Aku yang telungkup menekuri tanggal merah di kalender, bertahun-tahun lalu, tidak pernah mempertanyakan makna di balik perbedaan warna itu. Dulu aku tidak peduli mengapa pemerintah memandang perlu -berlawanan dengan prinsip produktivitas- untuk membuang satu hari kerja atau satu hari belajar demi sebuah peringatan atas sesuatu yang terjadi jauh pada masa lalu; yang terkubur oleh waktu. Aku bertanya-tanya kini: benar bahwa pada hari Senin, 22 April 540 A.D, Muhammad bin Abdullah dilahirkan. Lantas apa? Sesudah 1466 tahun matahari, untuk apa tanggal merah itu?
Yang menarik adalah, sebenarnya kelahiran Rasul bukanlah peristiwa besar dalam sejarah Islam. Tak dapat disangkal bahwa dampaknya besar (bagaimana bisa Yang Mulia Rasul mengubah peradaban manusia jika beliau tak pernah dilahirkan?), tetapi yang lebih dikenang dan sering didaras adalah peristiwa turunnya wahyu pertama, "Iqra". Umur Rasul 40 tahun kala itu. Dalam Al-Qur'an disebutkan, bahwa Muhammad itu ".. dhallan fa hadaa..": sesat, sampai ketika diberi hidayah. Jadi kelahiran "Rasul" adalah Lailat Al-Qadr di Gua Hira, bukan 12 Rabiul Awwal Tahun Gajah di bawah bebatuan Abu Kobeis, Mekah. Ini berbeda dengan Nabi 'Isa, yang telah menjadi Nabi sejak kelahirannya. Jika umat Kristiani merayakan hari Natal, mereka punya alasan. Umat Islam pun silakan merayakan kelahiran Muhammad, tetapi sebaiknya setelah memahami alasannya pula.
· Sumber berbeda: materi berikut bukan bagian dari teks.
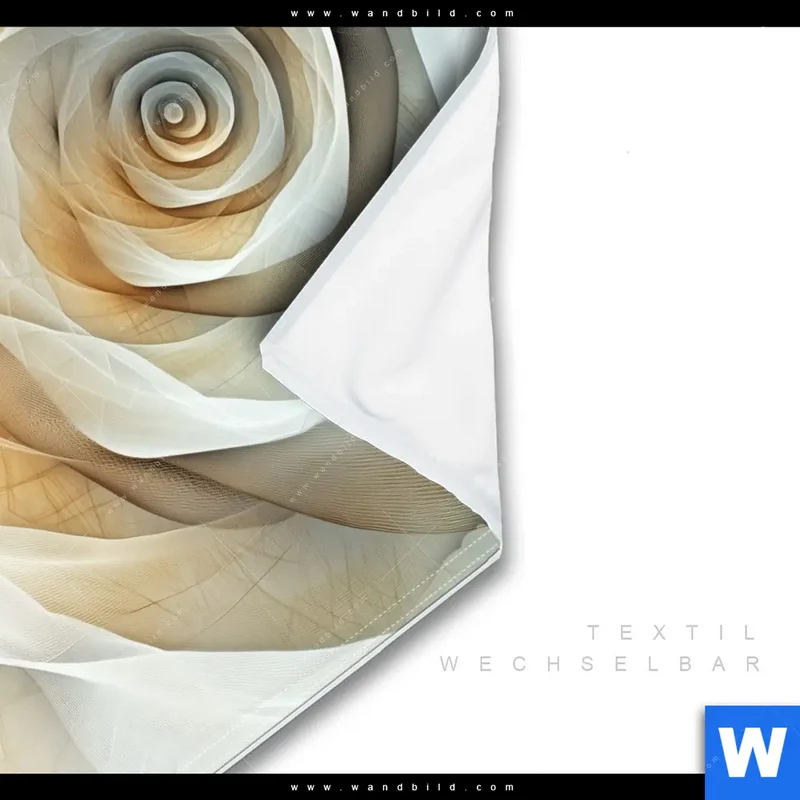 Wechselmotiv | Spirale der Leichtigkeit | Quadrat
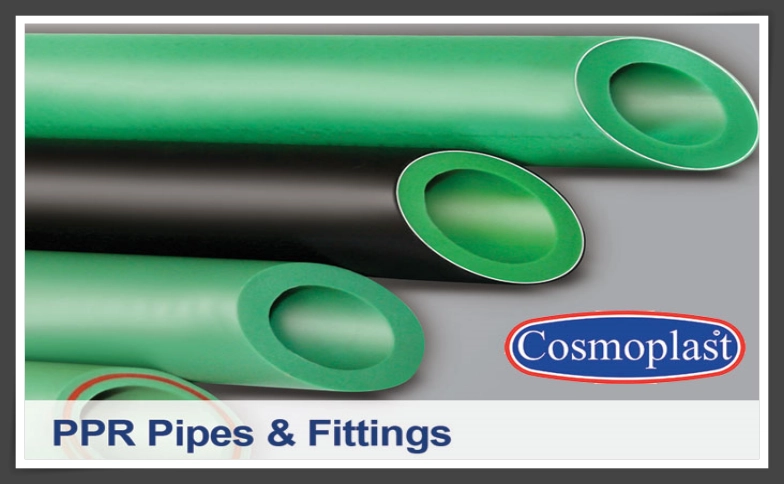 PVC HP Cosmo Pipes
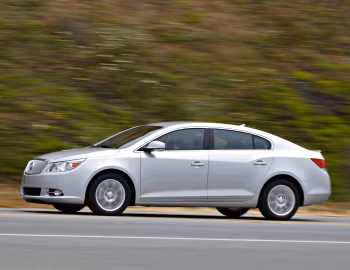 2010–13 Buick LaCrosse CXL [North America] '2009–13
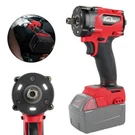 Brushless Cordless Electric Impact Wrench Gun 530NM For Milwaukee 18V (bare Tool. Fixed Price $39.90.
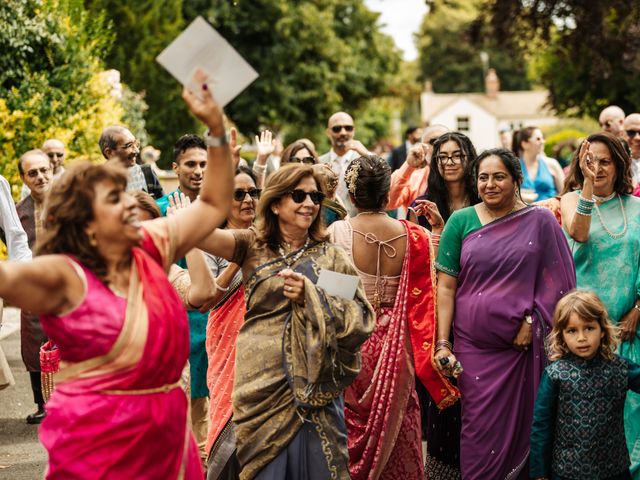 Jonathan and Devika's Wedding in Dumbleton, Worcestershire 29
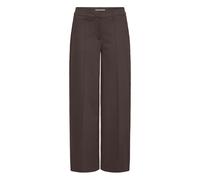 Pantalon femme Ichi Kate Office Marron L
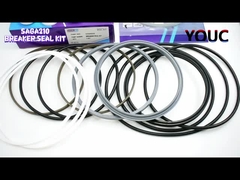 SAGA210 Zestaw pieczętowania cylindrów hydraulicznych z młotkiem rozbiórkowym do naprawy ciężkich budynków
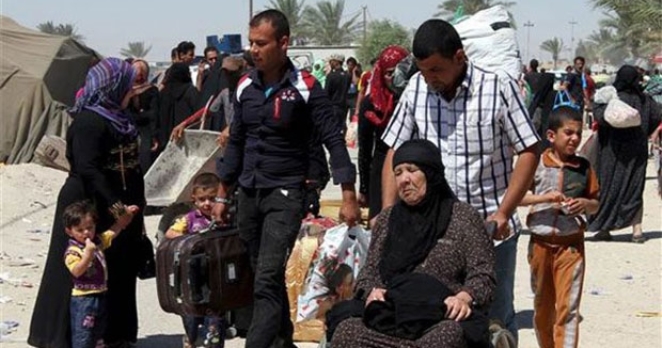 Irak’tan korkunç haber: IŞİD 8 bin aileyi canlı kalkan yapıyor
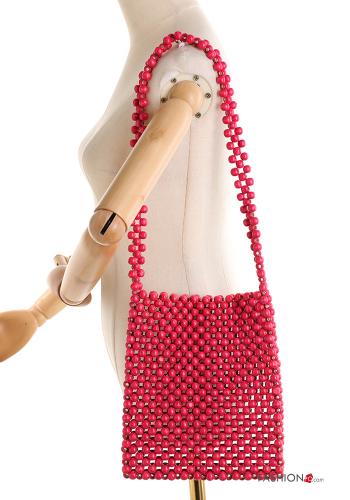 Bolso con perlas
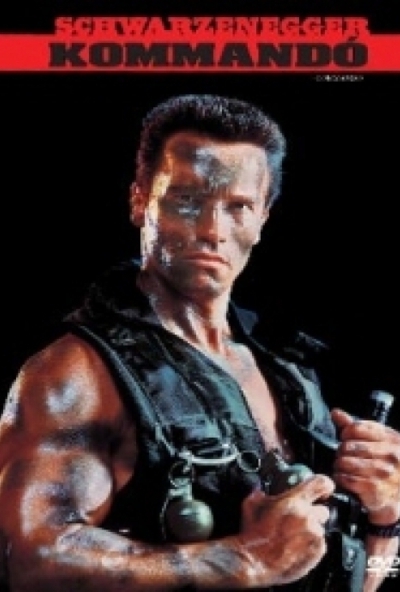 Kommandó (DVD) *Feliratos - Magyar kiadás* *Antikvár - Kiváló állapotú*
Untuk merayakan dan memuliakan Rasul, tanyalah kepada diri sendiri, apa hakikat Rasul sebenarnya? Berbagai kitab telah mencatat jawabannya:
1. Rasul adalah manusia seperti kita.
Karenanya beliau memungkinkan untuk ditiru.
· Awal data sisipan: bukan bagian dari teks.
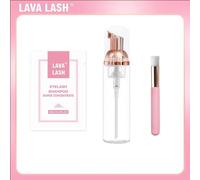 1 Ensemble De Cils De Lave Super Concentré Mousse Brosse Cils Shampooing Nettoyage Doux Greffage Mousse Extension Cils 5ml Outil De Maquillage-1 Pc Shampoo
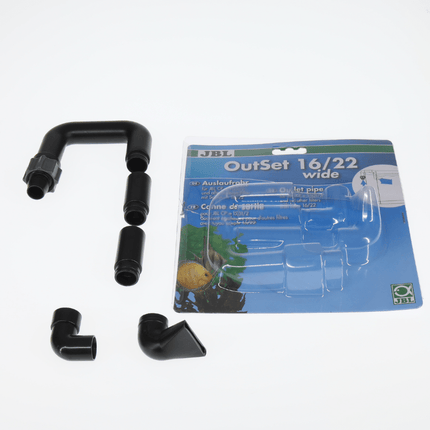 JBL CristalProfi External Filter Wide Outflow Pipe Set for Planted Aquariums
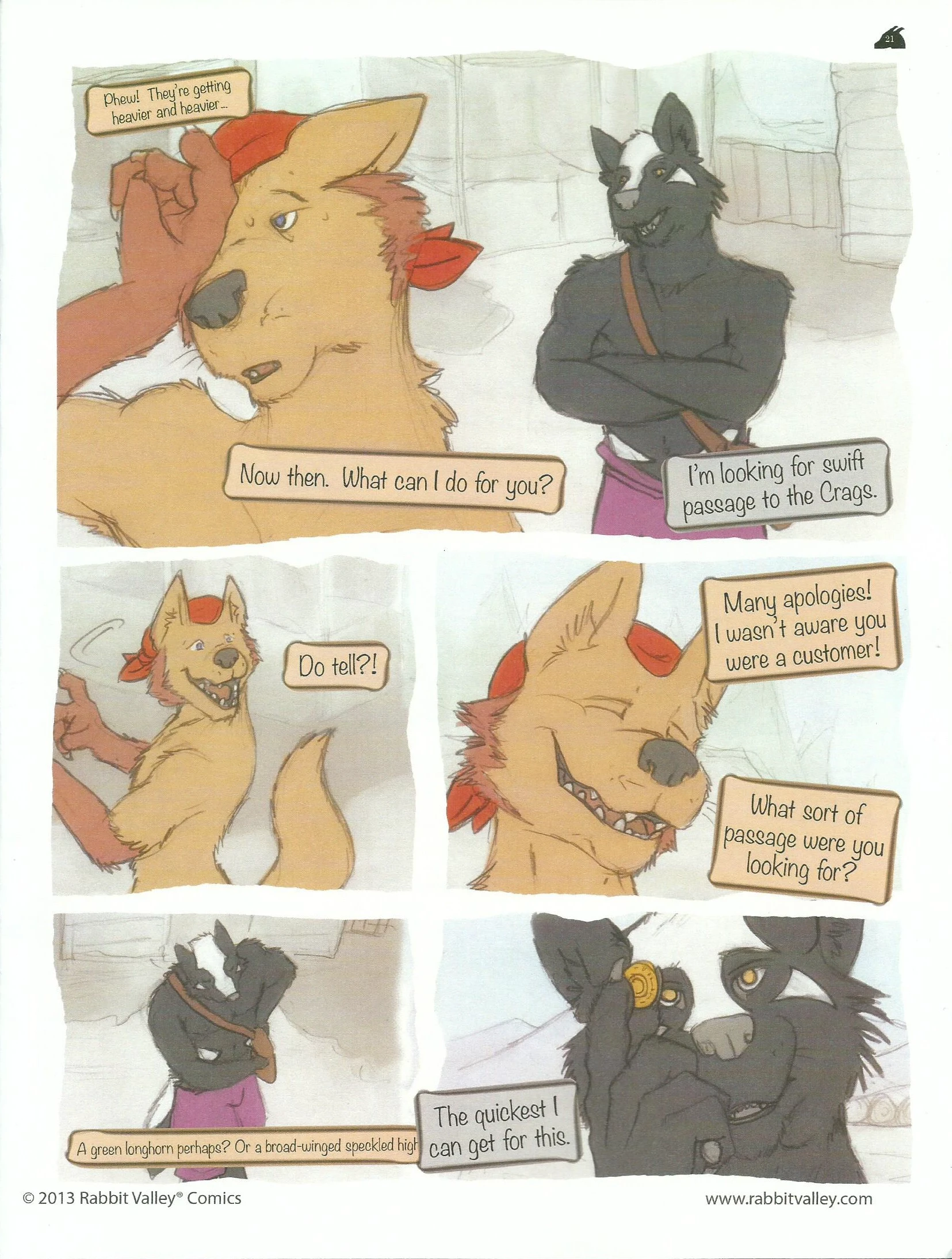 Never Seen THAT Before — page 2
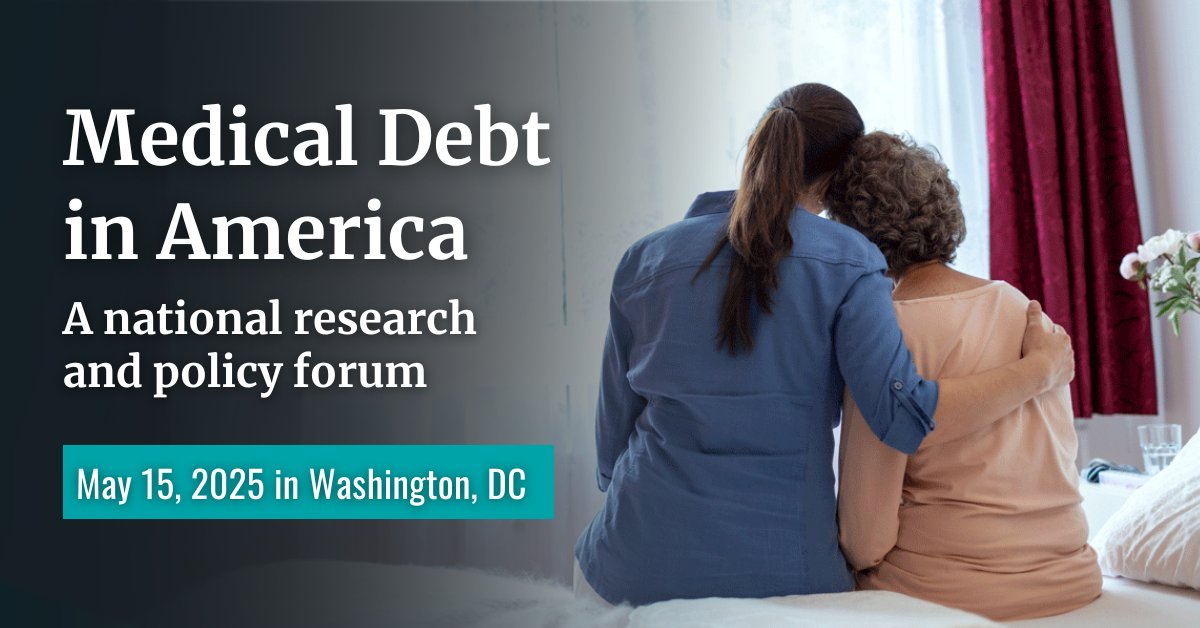 We're hosting a one-day, in-person conference with researchers, organizers, state and federal policymakers, and other experts to discuss emerging challenges and opportunities to address medical debt. 

Here's why you won't want to miss it.

lowninstitute.org/3-reasons-to-a…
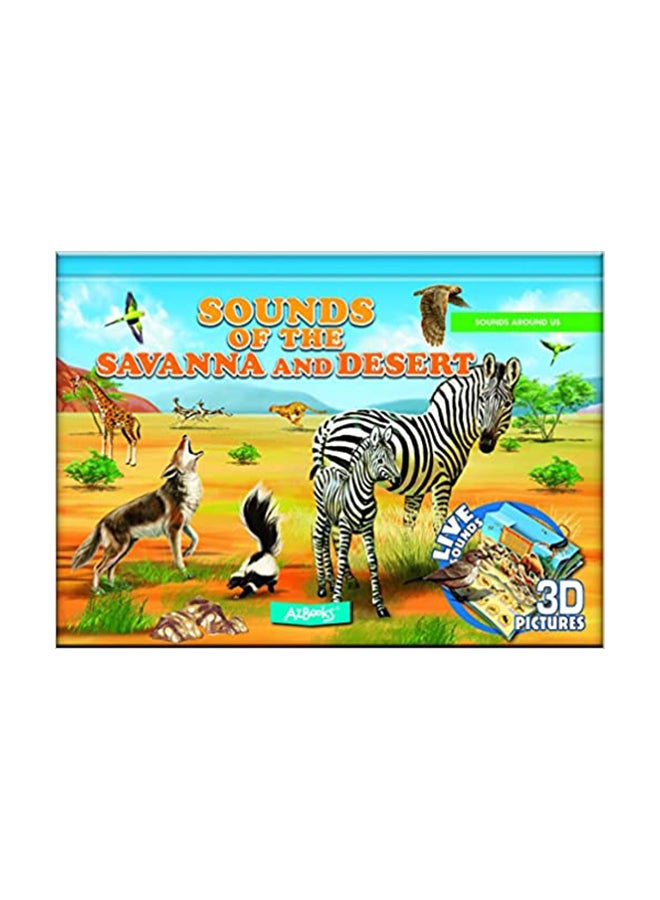 Sounds Of The Savanna And Desert Paperback English by Sean Roberts - 1-Oct-15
2. Rasul bukan manusia biasa, melainkan al-Musthofa (pilihan)
Karenanya beliau layak dan patut untuk ditiru.
3. Rasul itu ma'sum (terjaga) dari kesalahan; tidak pernah berbuat salah.
Karenanya beliau wajib ditiru.
Tiga syarat telah terpenuhi: memungkinkan, pantas, dan wajib. Bagi kaum Muslimin beliau adalah uswatun khasanah; suri tauladan yang harus diikuti dan dicontoh jika mendambakan kemuliaan di Surga.
Waktu kecil, aku menelan semua ini dengan serta-merta. Aku yang sekarang pun meyakininya, demi imanku kepada Tuhan dan Rasul dan kitab-Nya. Tetapi seorang teman -yang adalah freethinker- mencetuskan pertanyaan sederhana: "Meniru, mengikuti, mencontoh Rasul. Kapan kamu akan jadi diri sendiri dalam bertindak? Di mana posisi karakter individu dalam ranah Islam?". Di hadapan pertanyaan itu aku terdiam.
Benar, aku masih harus banyak belajar. Mungkin untuk itulah esok ditanggalmerahkan. Untuk merenungi hakikat manusia dan agama, hakikat Rasul dan tujuan kelahirannya.